WORK INSTRUCTIONS: Quote the whole listing word for word. Do not include the pictures.
··· SOURCE DATA ···
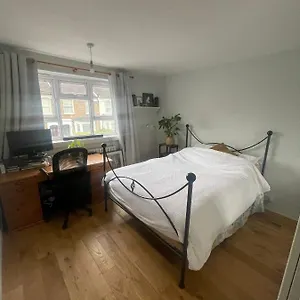 Beautiful Entire Flat In Peckham *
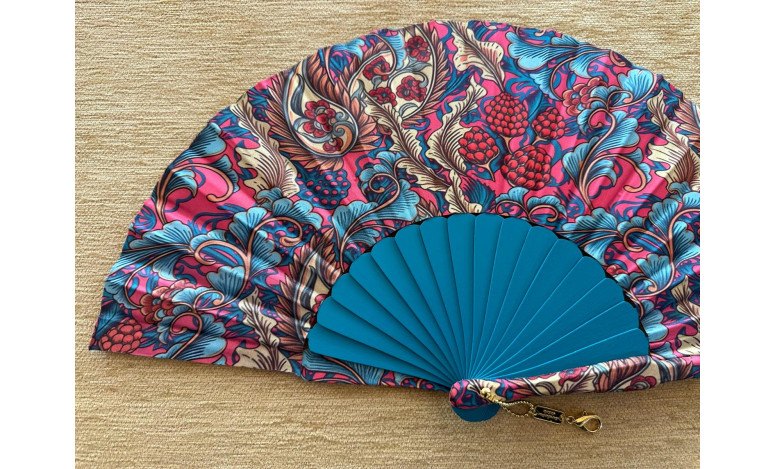 Abanico batik flores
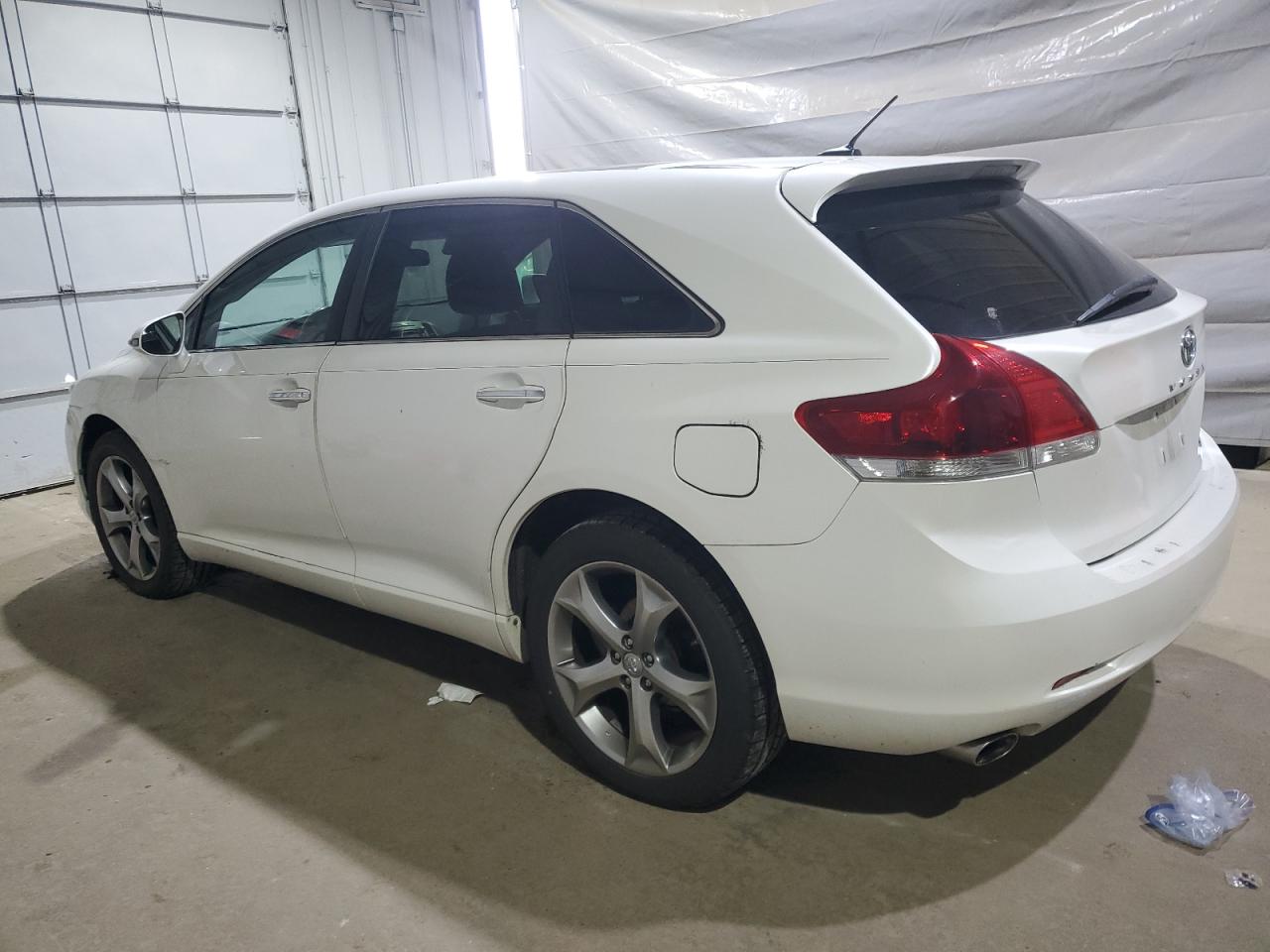 Toyota Venza Le Image 2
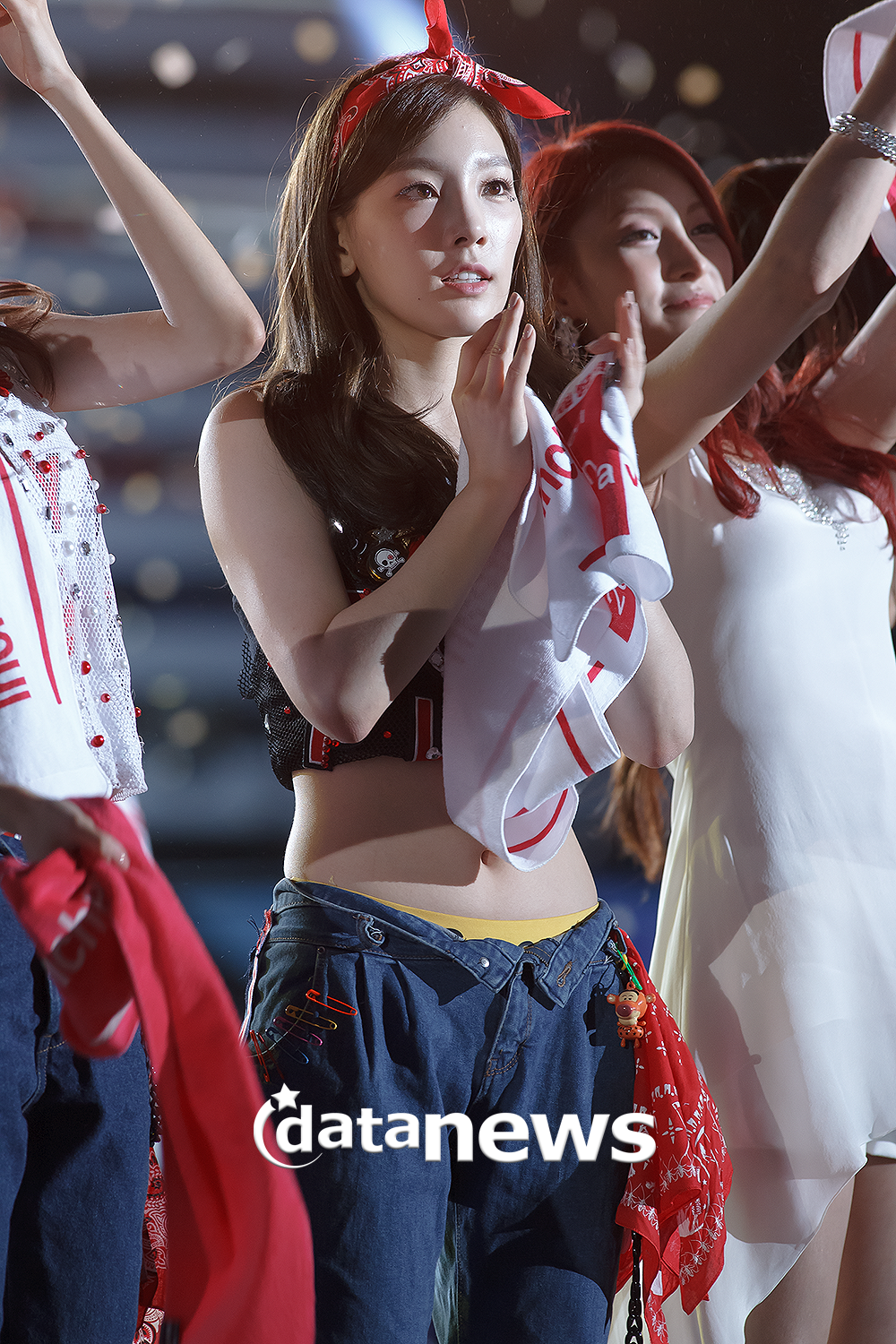 [PIC][01-09-2013]Hình ảnh mới nhất từ "Incheon Korean Music Wave 2013" của SNSD và MC YulTi vào tối nay - Page 2 234F4F4C52238E2615BCCA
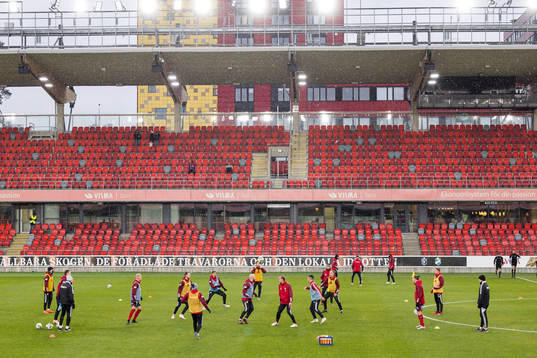 Östers spelare värmer upp före fotbollsmatchen i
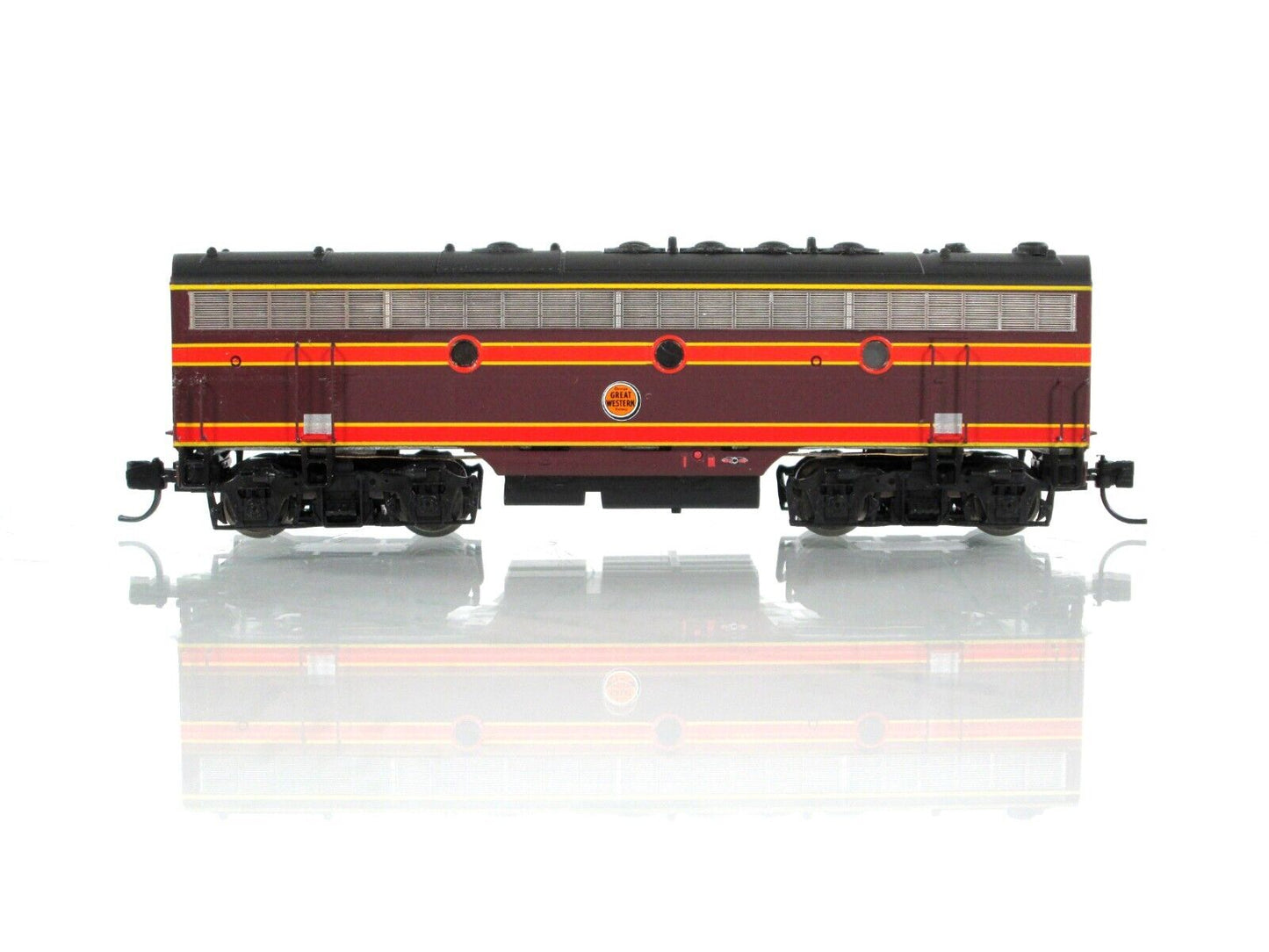 N Scale **CHICAGO GREAT WESTERN*** EMD F7B - Intermountain 69747, DCC Rdy **RARE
···
EXERCISE ANSWER:
 Beautiful Entire Flat In Peckham *
 Abanico batik flores
 Toyota Venza Le Image 2
 [PIC][01-09-2013]Hình ảnh mới nhất từ "Incheon Korean Music Wave 2013" của SNSD và MC YulTi vào tối nay - Page 2 234F4F4C52238E2615BCCA
 Östers spelare värmer upp före fotbollsmatchen i
 N Scale **CHICAGO GREAT WESTERN*** EMD F7B - Intermountain 69747, DCC Rdy **RARE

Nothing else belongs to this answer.